Communications Biology (Oct 2023)

SaLT&PepPr is an interface-predicting language model for designing peptide-guided protein degraders

  • Garyk Brixi,
  • Tianzheng Ye,
  • Lauren Hong,
  • Tian Wang,
  • Connor Monticello,
  • Natalia Lopez-Barbosa,
  • Sophia Vincoff,
  • Vivian Yudistyra,
  • Lin Zhao,
  • Elena Haarer,
  • Tianlai Chen,
  • Sarah Pertsemlidis,
  • Kalyan Palepu,
  • Suhaas Bhat,
  • Jayani Christopher,
  • Xinning Li,
  • Tong Liu,
  • Sue Zhang,
  • Lillian Petersen,
  • Matthew P. DeLisa,
  • Pranam Chatterjee

DOI
https://doi.org/10.1038/s42003-023-05464-z
Journal volume & issue
Vol. 6, no. 1
pp. 1 – 10

Abstract

Read online

Abstract Protein-protein interactions (PPIs) are critical for biological processes and predicting the sites of these interactions is useful for both computational and experimental applications. We present a Structure-agnostic Language Transformer and Peptide Prioritization (SaLT&PepPr) pipeline to predict interaction interfaces from a protein sequence alone for the subsequent generation of peptidic binding motifs. Our model fine-tunes the ESM-2 protein language model (pLM) with a per-position prediction task to identify PPI sites using data from the PDB, and prioritizes motifs which are most likely to be involved within inter-chain binding.
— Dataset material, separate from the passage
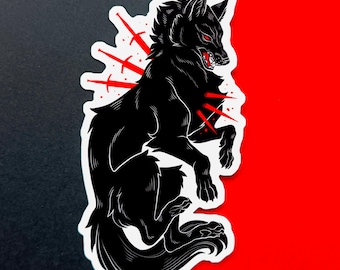 Black wolf sticker with red swords | Goth sticker for water bottles, laptops, journals, and more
By only using amino acid sequence as input, our model is competitive with structural homology-based methods, but exhibits reduced performance compared with deep learning models that input both structural and sequence features. Inspired by our previous results using co-crystals to engineer target-binding “guide” peptides, we curate PPI databases to identify partners for subsequent peptide derivation. Fusing guide peptides to an E3 ubiquitin ligase domain, we demonstrate degradation of endogenous β-catenin, 4E-BP2, and TRIM8, and highlight the nanomolar binding affinity, low off-targeting propensity, and function-altering capability of our best-performing degraders in cancer cells. In total, our study suggests that prioritizing binders from natural interactions via pLMs can enable programmable protein targeting and modulation.